On 19/10/2023 16:16, Kai Song via Gcc-help wrote:
Thank you for your feedback!
I forward the requested information to everyone as it may be relevant.
(Note - I am not a GCC developer, I am just a user, whereas Jonathan is
one of the key developers of GCC. So if he ever writes something that
contradicts me, believe Jonathan, not me!)
Jonathan & David: How much RAM? Quadratic time-complexity.
I have 256GB of RAM and 64 cores. I launch g++ from the Windows 10
Terminal. From my information, Windows 10 will not limit the resources
given to the Terminal.
I don't want to sound anti-Windows, but I think it is very unusual to
see someone using Windows with something like this. My own experience,
as someone who has both Linux and Windows machines on my desk since I
have work that uses both systems, is that big builds with GCC can be at
least twice as fast on Linux than Windows with the same hardware. Linux
is simply better than Windows for this kind of thing - it has better
handling of large amounts of ram, better multi-core handling, better
file handling and better handling of multiple processes. (Windows is
better for some other things, but not this kind of thing.) What kind of
difference it would make for you here, I don't know - but with the
massive compile times you have, it is worth the effort checking.
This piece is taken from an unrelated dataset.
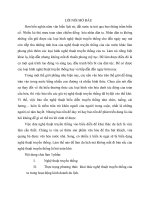 Tiểu luận nghệ thuật truyền thống Việt Nam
It also seems crazy to use off-the-shelf builds of GCC here, if that is
what you are doing - under the same circumstances, I'd be looking at
building GCC from source with the best choice of flags to shave the last
few percent off the times. I'd be using "-march=native" to fine-tune
GCC to get the best from my 64 cores. (Consider a Linux distro like
Gentoo that compiles everything from source if you don't want to learn
how to build GCC yourself.)
I am perfectly fine if compile times are in the time-span of months. For
the Runge-Kutta method, I would be happy with compile times of years as
this would mean I have a faster method in a few years.
But would the resulting binary, generated after months, actually be
faster? A big source code is going to result in a big binary, which is
likely to be slower in practice due to cache misses.
Also note that there are pretty much no calculations taking years to run
that are actually worth running. If a calculation is going to take 2
years to do, you are better off selling your current computer, investing
the money in a fund, taking it out in a years time, buying a new
computer at that point which is three times the speed, and running the
calculation in 8 months - finishing sooner than if you started today
with your current machine.
Perhaps I am completely misunderstanding what you are actually trying to
achieve.
In my mind, I am comparing your task to something simpler (one that
everyone here can understand, avoiding the post-grad level mathematics).
Sometimes it is nice to have bigger integer types available than the
usual biggest size of 64 bits. It's reasonably straightforward to make
a C++ class for a 128 bit integer type with operator overloading, built
from two 64-bit integers. Then you can make a 256 bit integer type
build from two 128 bit integers. Then a template that does this
automatically, and your recursive template setup will let you write:
using uint4096_t = big_uint<14>; // 2 ** 14 bits
and you are ready to use it in your RSA encryption code. It sounds
simple - and works well for 128-bit and 256-bit integers. But while it
will compile for 4096-bit integers, and give the right answers, it is
likely to be terrible in performance. Long before reaching 4096 bits,
it will make sense to move to arbitrary-precision integer libraries,
using loops over 64-bit chunks rather than just throwing a big template
at the compiler and drinking coffee during compiles.
Your problem sounds like the same principle, only more so. But as I
say, maybe I am missing something vital in my understanding of your problem.